PROBLEM TO SOLVE –
Only the lines of the listing below that run from the line with "АВТОЛАМПА 12V/5W BA15s" through the line with "2024 MAZDA 3 Select Sport Package" are to be set down, word for word. Pictures stay out.

RECORD SET –
----------------

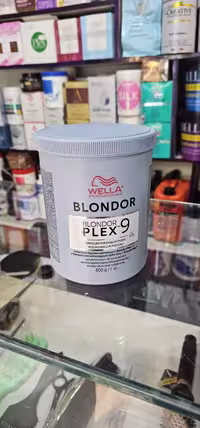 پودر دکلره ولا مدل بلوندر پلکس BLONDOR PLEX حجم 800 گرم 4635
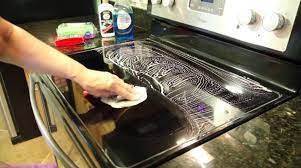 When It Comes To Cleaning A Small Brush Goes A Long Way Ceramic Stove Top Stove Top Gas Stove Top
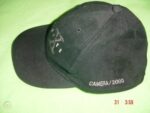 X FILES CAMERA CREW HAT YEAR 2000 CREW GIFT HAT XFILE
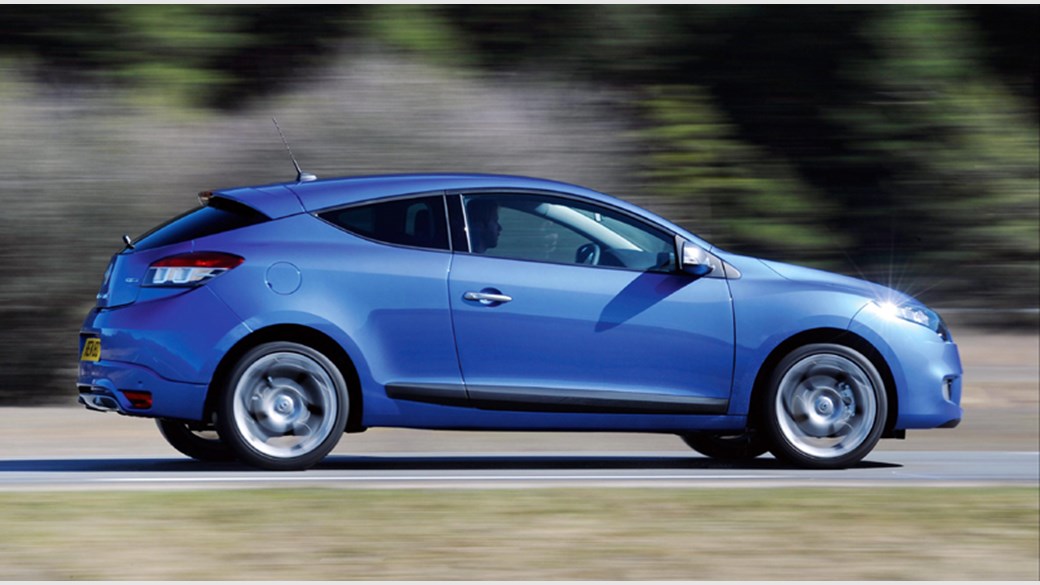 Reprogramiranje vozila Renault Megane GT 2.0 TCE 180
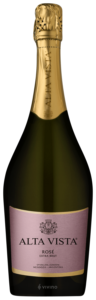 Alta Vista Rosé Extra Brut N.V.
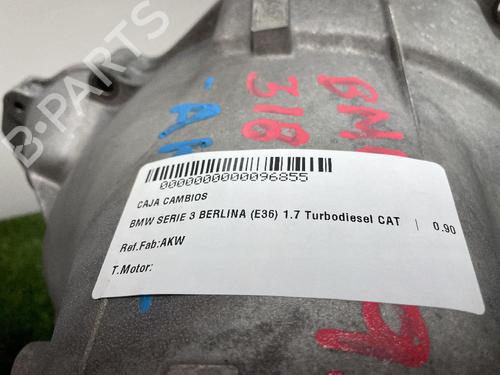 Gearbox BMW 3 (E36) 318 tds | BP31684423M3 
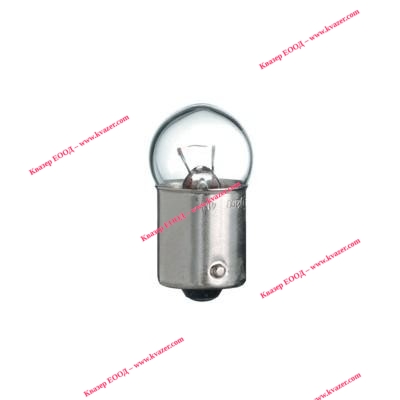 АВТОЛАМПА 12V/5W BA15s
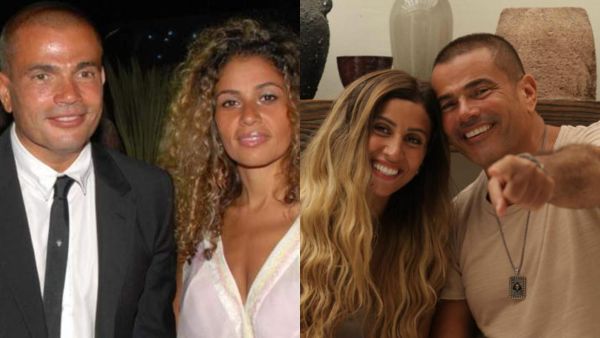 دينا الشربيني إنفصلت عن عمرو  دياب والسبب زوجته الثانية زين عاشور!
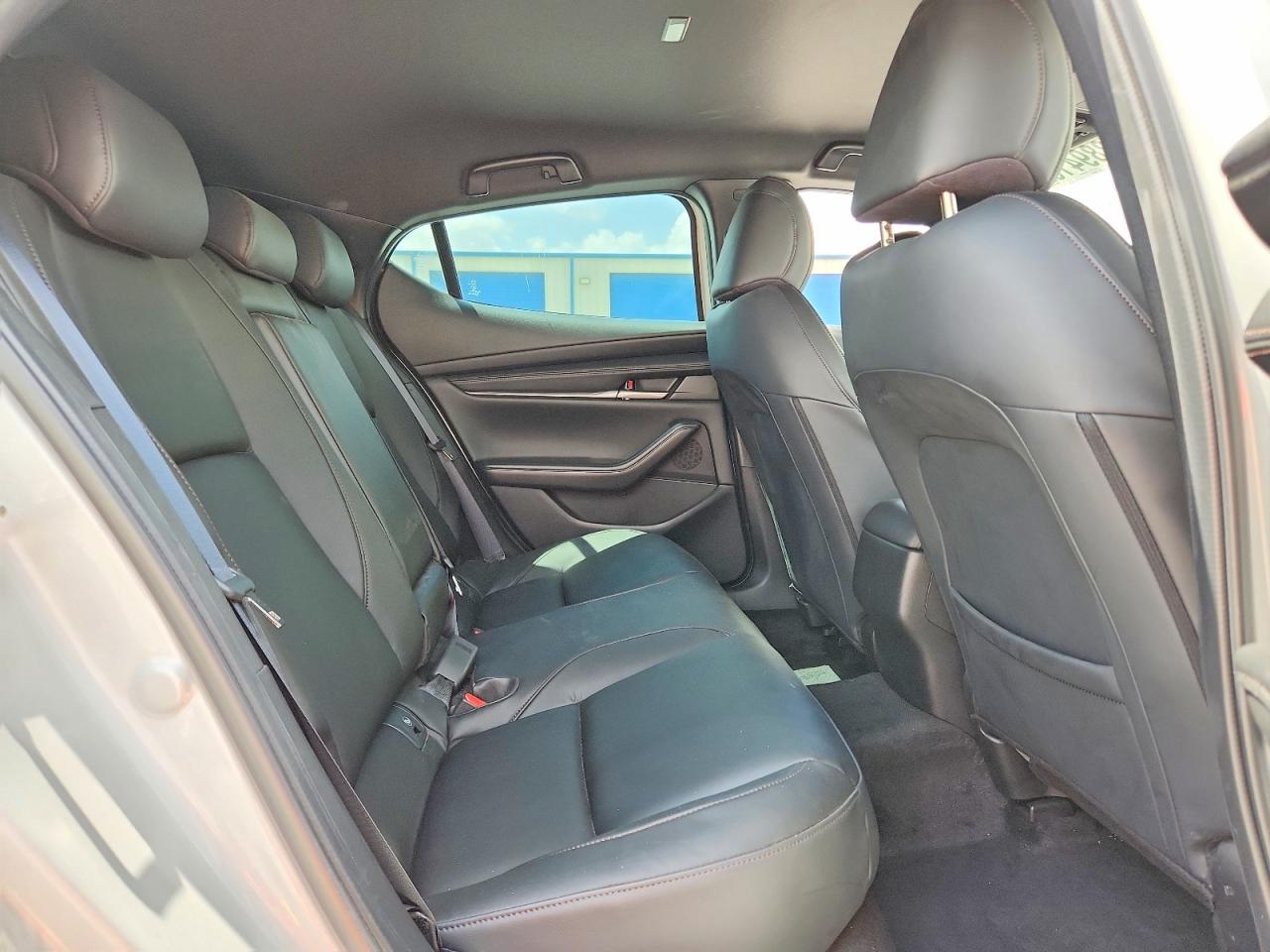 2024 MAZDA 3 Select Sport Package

----------------

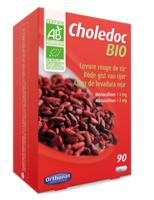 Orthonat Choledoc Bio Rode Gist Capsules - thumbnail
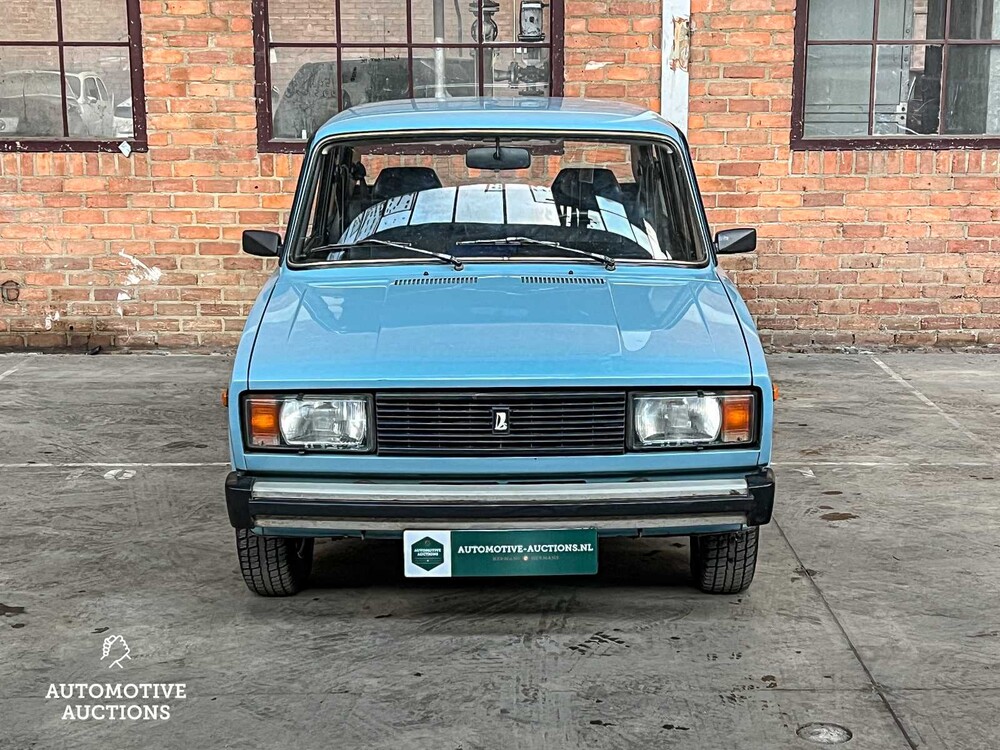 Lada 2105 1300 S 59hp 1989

----------------

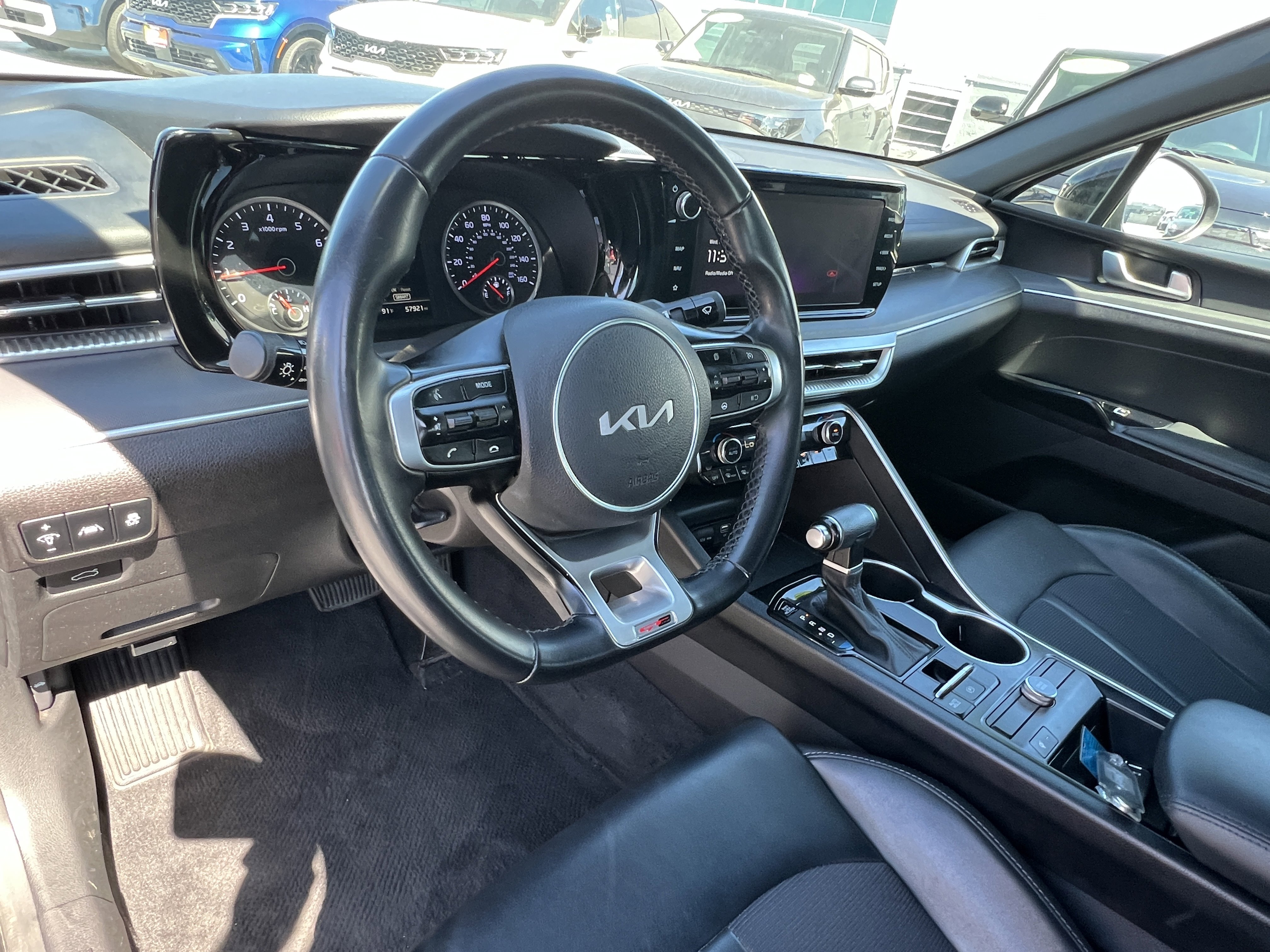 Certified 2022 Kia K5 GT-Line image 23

----------------

EXERCISE ANSWER –
 АВТОЛАМПА 12V/5W BA15s
 دينا الشربيني إنفصلت عن عمرو  دياب والسبب زوجته الثانية زين عاشور!
 2024 MAZDA 3 Select Sport Package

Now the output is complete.